Abstract
Aims
Six Delta is a six-dimensional independent platform for outcome-based pricing/contracting. The sixth dimension (δ6) estimates prices on the basis of adherence to the prescribed regimen, whereby manufacturers provide payers with adherence-enhancing programs and whereby payers implement these programs and provide adherence data to the manufacturer. We describe this dimension’s methodology and present a proof-of-concept application to the treatment of non-small cell lung cancer (NSCLC) with EGFR mutation with osimertinib.
Materials and methods
We propose two paybacks based on adherence: in-advance (based on clinical trial data) and in-arrear (based on real-world data). The risk of efficacy failure pricing dimension utilizes a 7-step method: 1) defining efficacy endpoints; 2) extracting data; 3) predicting models; 4) estimating in-advance and in-arrear paybacks; 5) suggesting ranges for in-advance and in-arrear paybacks; 6) adjusting for medical inflation; and 7) performing Monte Carlo Simulation (MCS) to estimate the DSPAdherence. A proof-of-concept exercise with osimertinib in NSCLC was performed for two hypothetical outcome-based contracts: 1-year (2019–2020) and 2-year (2019–2021). The 2018 wholesale acquisition cost (WAC) for a 30-day prescription was used and inflated as needed. Herein, the DSPAdherence is estimated exclusively in terms of in-advance payback because real-world data about osimertinib are not yet available and thus the in-arrear payback cannot yet be estimated.
Results
For the 1-year contract, the average price for osimertinib was $13,798 (SD=$1,265) and the DSPAdherence was $13,785 (or −5.69% of the 2018 WAC) for a 30-day prescription. For the 2-year contract, the average price was $12,555 (SD=$2,847) and the DSPAdherence was $12,582 (or −13.92% of the 2018 WAC).
Conclusions
We demonstrated that adherence-based pricing methods can be integrated into our proposed Six Delta platform for outcome-based pricing/contracting. The proof-of-concept exercise needs to be expanded with the in-arrear pricing method based on real world data to be secured.
Transparency
Declaration of funding
The work reported herein was performed without sponsorship or grant funding.

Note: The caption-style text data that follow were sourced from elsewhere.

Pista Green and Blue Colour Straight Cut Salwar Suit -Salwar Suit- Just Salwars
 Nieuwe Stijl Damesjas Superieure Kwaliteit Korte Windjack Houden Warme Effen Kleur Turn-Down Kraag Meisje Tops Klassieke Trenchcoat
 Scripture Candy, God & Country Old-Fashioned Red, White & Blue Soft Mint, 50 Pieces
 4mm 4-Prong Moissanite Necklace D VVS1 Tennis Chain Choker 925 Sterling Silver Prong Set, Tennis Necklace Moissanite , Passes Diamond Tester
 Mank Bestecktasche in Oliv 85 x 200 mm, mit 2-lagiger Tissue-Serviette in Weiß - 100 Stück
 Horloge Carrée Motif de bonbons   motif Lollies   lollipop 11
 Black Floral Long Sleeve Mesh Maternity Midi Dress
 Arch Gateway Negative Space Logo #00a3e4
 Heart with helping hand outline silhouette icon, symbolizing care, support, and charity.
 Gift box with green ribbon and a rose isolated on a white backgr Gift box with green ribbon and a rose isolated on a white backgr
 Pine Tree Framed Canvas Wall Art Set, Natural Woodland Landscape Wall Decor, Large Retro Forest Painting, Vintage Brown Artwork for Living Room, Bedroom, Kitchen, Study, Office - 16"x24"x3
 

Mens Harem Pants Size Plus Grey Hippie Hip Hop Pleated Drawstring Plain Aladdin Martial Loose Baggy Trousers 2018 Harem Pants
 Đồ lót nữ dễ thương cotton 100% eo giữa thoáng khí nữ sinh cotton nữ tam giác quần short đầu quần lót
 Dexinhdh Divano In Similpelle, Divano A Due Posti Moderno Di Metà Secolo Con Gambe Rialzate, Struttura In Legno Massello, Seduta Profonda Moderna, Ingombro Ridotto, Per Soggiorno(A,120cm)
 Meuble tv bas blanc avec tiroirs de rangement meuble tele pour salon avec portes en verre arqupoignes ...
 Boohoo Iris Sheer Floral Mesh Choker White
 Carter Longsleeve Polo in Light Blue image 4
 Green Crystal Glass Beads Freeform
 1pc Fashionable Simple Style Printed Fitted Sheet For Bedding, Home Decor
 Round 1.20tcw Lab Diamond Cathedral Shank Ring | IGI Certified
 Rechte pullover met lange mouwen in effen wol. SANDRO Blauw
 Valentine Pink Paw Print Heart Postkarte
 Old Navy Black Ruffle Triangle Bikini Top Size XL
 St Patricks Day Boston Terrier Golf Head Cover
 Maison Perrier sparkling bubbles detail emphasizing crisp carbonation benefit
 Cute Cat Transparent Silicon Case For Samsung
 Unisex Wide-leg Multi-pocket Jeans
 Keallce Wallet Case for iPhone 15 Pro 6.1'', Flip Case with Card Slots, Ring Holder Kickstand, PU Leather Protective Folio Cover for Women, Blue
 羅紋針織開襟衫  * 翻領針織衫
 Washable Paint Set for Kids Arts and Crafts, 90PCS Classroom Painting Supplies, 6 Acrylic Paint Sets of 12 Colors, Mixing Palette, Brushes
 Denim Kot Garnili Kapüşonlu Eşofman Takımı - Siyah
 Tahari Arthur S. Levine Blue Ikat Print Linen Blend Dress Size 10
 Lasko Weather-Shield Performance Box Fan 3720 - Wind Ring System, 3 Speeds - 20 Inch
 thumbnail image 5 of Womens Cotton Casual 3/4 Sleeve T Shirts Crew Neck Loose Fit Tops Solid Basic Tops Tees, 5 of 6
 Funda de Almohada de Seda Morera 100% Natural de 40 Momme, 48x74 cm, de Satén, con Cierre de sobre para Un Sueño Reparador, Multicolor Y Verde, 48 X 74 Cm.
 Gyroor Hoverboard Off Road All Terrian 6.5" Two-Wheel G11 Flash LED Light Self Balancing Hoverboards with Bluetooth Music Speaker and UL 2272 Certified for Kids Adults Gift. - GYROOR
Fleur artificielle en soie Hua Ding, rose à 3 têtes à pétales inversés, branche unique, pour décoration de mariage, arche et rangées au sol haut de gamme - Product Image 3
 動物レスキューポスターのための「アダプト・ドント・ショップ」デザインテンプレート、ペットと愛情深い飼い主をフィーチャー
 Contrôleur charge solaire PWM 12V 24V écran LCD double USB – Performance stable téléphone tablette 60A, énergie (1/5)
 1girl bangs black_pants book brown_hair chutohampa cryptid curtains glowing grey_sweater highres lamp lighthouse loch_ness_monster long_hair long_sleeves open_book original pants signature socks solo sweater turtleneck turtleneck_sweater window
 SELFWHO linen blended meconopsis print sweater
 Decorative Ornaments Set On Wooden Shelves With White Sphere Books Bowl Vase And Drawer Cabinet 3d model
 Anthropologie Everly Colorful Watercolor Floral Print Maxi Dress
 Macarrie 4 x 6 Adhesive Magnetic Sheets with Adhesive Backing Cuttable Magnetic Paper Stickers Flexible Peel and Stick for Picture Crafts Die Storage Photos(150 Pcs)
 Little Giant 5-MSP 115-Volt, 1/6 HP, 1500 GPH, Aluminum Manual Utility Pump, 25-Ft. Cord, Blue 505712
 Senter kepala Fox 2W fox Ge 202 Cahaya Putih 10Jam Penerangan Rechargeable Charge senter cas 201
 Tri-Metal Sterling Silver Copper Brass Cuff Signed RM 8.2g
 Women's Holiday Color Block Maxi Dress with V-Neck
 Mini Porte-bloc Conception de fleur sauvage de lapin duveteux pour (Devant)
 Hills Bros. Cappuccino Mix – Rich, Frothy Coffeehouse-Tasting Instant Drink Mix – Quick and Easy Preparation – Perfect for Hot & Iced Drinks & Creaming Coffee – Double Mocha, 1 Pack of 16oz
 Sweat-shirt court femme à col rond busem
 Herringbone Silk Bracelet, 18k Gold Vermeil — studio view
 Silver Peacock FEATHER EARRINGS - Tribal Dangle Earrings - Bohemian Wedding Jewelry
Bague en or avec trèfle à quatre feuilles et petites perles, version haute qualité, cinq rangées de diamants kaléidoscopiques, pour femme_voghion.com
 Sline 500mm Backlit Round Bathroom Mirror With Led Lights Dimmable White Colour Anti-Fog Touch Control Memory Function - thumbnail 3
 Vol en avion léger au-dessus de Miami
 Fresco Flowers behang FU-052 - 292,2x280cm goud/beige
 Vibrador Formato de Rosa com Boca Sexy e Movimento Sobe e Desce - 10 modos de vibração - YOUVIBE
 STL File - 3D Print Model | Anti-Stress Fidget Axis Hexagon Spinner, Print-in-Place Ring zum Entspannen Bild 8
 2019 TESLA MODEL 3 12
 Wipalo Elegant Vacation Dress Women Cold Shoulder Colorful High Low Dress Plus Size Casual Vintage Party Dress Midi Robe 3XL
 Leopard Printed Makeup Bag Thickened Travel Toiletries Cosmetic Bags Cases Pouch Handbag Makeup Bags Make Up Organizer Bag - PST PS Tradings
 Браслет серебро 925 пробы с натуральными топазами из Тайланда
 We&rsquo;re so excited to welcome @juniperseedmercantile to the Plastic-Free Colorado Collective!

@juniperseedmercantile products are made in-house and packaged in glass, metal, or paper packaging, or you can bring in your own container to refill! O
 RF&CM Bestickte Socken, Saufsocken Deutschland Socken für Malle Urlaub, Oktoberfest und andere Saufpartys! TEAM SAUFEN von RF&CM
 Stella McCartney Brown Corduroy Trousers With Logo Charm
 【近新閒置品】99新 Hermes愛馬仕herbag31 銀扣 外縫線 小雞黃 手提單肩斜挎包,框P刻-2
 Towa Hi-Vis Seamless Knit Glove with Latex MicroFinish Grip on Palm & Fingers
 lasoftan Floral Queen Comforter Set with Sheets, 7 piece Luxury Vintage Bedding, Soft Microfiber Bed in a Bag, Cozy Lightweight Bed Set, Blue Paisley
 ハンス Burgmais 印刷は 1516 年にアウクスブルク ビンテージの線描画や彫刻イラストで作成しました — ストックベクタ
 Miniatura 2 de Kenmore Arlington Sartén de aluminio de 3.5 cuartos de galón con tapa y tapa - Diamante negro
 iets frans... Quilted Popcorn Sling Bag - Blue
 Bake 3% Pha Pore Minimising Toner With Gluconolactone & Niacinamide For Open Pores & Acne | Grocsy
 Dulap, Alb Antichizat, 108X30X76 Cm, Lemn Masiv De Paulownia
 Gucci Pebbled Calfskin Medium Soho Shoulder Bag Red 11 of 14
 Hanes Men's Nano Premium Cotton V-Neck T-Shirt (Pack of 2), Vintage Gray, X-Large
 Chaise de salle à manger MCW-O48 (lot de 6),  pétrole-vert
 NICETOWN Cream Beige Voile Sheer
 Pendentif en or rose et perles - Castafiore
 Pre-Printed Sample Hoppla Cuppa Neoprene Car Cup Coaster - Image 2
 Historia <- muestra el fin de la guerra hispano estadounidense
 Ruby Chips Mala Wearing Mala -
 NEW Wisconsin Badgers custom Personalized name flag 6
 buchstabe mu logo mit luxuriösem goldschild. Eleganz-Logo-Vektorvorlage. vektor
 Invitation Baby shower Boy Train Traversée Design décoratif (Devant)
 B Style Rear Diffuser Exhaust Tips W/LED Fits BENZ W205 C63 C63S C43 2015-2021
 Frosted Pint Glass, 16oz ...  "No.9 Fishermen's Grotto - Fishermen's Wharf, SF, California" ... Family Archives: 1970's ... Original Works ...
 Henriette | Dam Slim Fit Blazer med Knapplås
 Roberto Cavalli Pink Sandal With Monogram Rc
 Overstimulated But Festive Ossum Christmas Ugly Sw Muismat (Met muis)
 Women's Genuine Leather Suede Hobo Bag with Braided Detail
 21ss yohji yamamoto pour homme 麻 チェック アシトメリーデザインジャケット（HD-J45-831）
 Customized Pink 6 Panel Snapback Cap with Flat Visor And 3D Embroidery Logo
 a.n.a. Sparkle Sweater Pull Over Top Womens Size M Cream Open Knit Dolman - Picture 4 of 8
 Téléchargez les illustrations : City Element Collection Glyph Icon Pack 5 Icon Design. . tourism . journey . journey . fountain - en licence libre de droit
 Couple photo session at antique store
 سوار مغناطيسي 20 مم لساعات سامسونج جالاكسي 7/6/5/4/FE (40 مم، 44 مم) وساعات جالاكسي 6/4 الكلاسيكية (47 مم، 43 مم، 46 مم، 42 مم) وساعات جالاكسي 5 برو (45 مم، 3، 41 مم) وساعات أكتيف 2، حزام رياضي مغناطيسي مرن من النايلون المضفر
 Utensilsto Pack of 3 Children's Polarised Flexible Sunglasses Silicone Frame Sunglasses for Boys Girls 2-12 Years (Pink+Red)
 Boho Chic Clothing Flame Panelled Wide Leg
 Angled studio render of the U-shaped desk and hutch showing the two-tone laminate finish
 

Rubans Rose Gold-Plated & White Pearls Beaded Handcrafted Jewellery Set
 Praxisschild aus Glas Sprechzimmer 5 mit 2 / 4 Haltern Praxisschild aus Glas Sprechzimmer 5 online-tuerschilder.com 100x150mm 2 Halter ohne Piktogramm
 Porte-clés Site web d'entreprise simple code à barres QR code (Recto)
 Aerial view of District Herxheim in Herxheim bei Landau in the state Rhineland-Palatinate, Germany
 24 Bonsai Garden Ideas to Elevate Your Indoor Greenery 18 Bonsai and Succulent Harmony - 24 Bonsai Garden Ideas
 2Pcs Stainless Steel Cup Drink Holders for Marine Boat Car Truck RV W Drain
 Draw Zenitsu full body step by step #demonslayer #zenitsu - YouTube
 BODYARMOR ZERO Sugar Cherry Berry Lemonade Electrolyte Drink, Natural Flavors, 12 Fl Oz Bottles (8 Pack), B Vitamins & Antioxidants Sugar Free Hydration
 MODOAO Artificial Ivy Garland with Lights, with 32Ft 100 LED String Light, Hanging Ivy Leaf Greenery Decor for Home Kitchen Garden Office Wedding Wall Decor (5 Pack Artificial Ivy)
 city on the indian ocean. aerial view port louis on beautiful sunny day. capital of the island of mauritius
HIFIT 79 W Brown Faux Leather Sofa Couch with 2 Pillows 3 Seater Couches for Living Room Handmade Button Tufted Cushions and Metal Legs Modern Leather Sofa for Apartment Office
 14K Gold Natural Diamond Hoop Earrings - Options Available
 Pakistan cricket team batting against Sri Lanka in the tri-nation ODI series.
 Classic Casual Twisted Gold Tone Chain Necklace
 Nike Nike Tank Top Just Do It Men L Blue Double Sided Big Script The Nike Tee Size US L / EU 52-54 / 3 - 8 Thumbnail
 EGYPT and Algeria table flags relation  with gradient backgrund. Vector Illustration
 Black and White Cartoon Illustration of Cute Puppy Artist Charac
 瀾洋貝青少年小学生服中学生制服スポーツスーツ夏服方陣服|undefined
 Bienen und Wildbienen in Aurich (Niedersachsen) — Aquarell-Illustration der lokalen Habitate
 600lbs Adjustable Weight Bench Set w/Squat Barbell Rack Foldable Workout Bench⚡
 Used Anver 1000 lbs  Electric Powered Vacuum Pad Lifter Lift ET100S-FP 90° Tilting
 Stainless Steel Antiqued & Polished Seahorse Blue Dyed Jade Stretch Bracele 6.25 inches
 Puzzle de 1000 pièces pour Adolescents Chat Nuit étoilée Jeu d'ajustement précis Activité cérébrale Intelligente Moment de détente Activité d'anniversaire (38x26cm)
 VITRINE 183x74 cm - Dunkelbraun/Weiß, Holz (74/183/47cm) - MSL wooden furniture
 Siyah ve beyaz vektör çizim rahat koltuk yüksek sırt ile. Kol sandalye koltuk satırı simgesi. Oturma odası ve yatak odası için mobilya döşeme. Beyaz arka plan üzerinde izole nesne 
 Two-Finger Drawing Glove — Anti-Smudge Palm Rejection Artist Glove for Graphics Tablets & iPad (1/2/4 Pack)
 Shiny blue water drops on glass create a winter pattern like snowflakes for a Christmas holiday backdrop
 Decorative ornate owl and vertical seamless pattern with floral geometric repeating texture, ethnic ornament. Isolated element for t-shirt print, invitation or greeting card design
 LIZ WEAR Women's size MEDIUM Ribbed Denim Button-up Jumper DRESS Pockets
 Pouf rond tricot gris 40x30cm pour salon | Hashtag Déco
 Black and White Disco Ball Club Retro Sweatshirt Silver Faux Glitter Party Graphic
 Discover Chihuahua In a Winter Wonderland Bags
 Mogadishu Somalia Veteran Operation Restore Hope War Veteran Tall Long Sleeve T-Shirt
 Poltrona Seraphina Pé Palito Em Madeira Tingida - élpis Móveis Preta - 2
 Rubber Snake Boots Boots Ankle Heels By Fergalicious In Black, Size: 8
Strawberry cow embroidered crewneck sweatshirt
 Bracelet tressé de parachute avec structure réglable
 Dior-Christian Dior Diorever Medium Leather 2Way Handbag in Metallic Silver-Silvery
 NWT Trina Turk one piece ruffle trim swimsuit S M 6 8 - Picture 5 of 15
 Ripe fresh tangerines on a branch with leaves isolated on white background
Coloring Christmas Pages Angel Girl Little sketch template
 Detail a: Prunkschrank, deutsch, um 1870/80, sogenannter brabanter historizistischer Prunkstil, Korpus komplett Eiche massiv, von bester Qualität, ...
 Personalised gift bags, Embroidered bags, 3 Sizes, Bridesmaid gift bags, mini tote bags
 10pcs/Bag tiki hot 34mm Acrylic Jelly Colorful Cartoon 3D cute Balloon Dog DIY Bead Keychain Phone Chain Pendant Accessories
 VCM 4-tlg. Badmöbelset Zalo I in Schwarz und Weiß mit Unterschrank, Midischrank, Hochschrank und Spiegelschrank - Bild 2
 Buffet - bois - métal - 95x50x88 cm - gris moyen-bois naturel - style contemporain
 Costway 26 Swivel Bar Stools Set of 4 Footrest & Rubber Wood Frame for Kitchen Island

Declaration of financial/other relationships
The authors have no financial relationships to declare.
JME peer reviewers on this manuscript have no relevant financial or other relationships to disclose.
Author contributions
All named authors meet the International Committee of Medical Journal Editors (ICMJE) criteria for authorship of this manuscript.
Acknowledgements
No assistance was received in the preparation of this article.
Notes
i Microsoft Excel 365 is a registered trademark of Microsoft Research Lab, Redmond, Washington, DC, USA.